Problem —
Pictures are not part of the answer. Return the lines from the one containing "Looking through our" through the end of the data, both included, exactly as they appear.

Information shown —
§ §

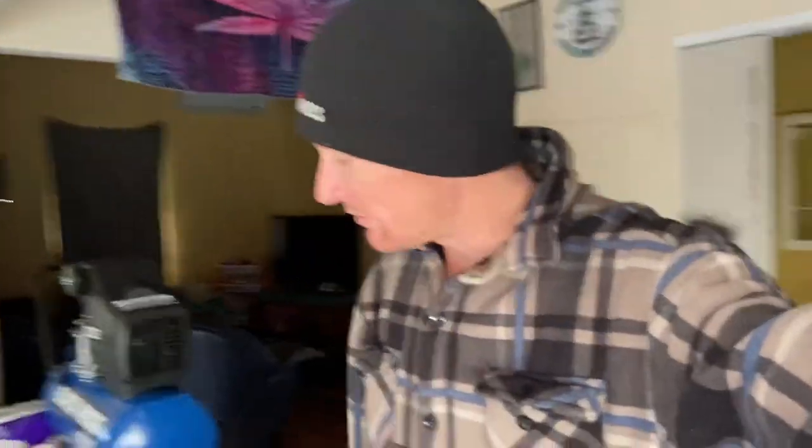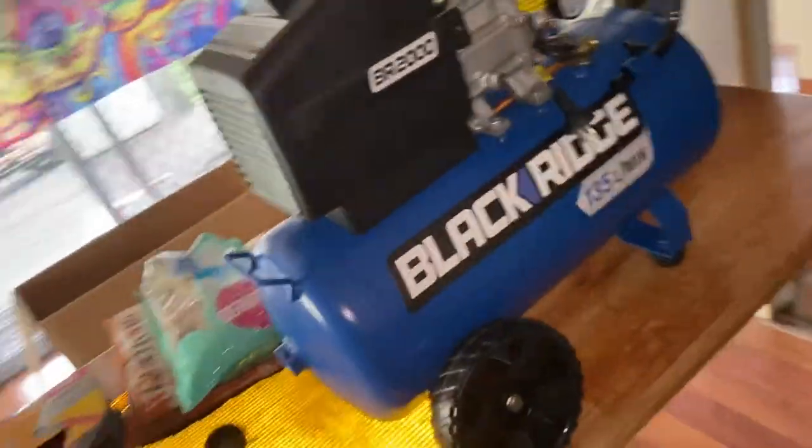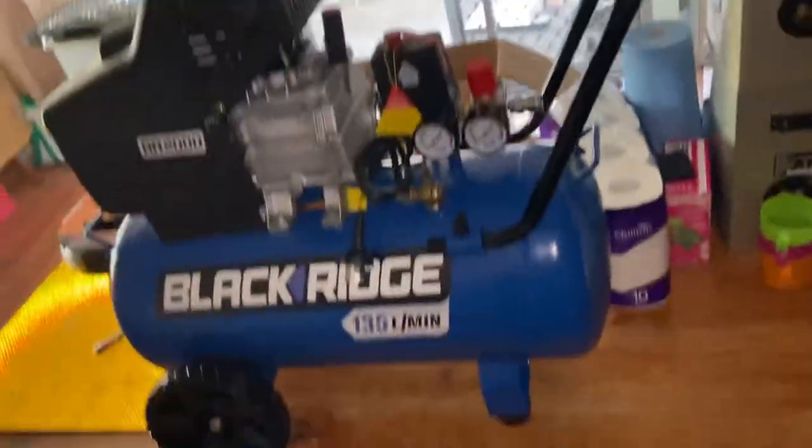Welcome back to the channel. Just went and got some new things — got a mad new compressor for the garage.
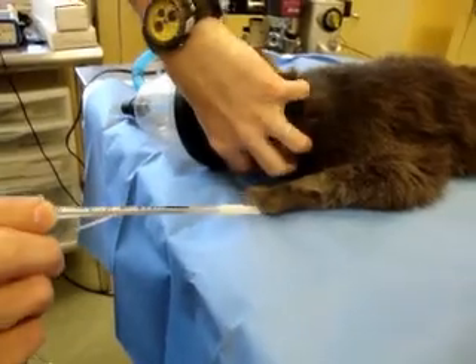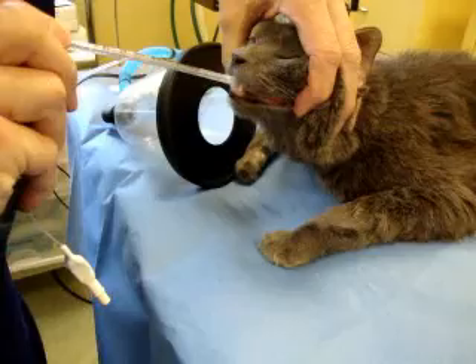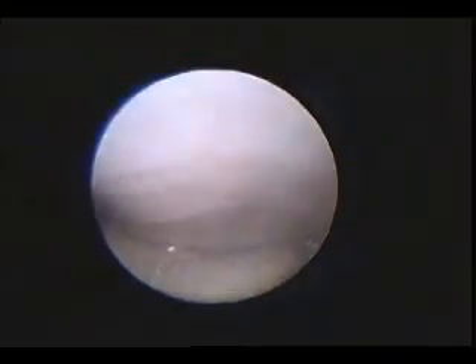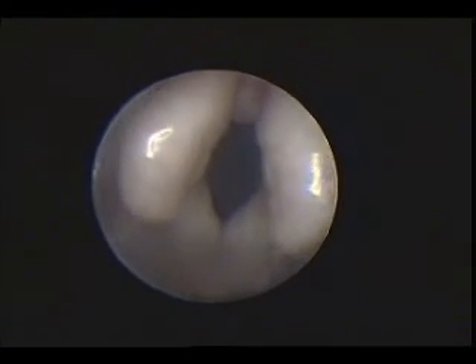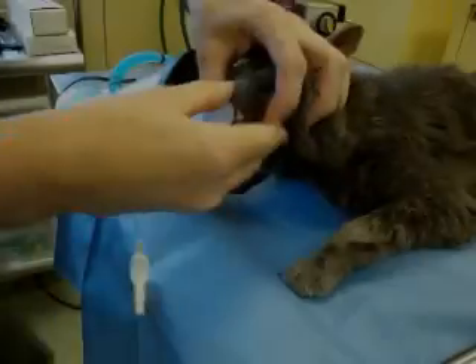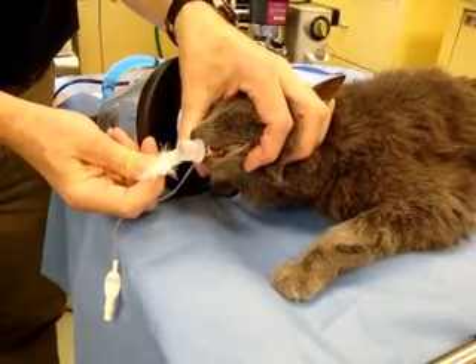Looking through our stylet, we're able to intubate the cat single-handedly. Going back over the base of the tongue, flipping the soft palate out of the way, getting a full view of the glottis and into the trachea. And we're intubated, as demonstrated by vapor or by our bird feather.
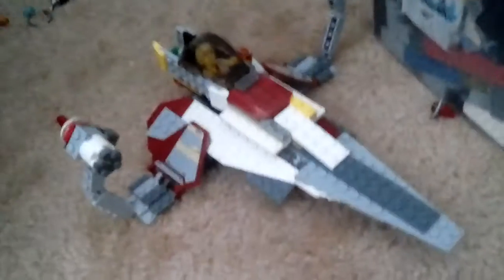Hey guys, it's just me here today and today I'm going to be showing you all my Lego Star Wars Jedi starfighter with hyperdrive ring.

§ §

Expected output —
Looking through our stylet, we're able to intubate the cat single-handedly. Going back over the base of the tongue, flipping the soft palate out of the way, getting a full view of the glottis and into the trachea. And we're intubated, as demonstrated by vapor or by our bird feather.
Hey guys, it's just me here today and today I'm going to be showing you all my Lego Star Wars Jedi starfighter with hyperdrive ring.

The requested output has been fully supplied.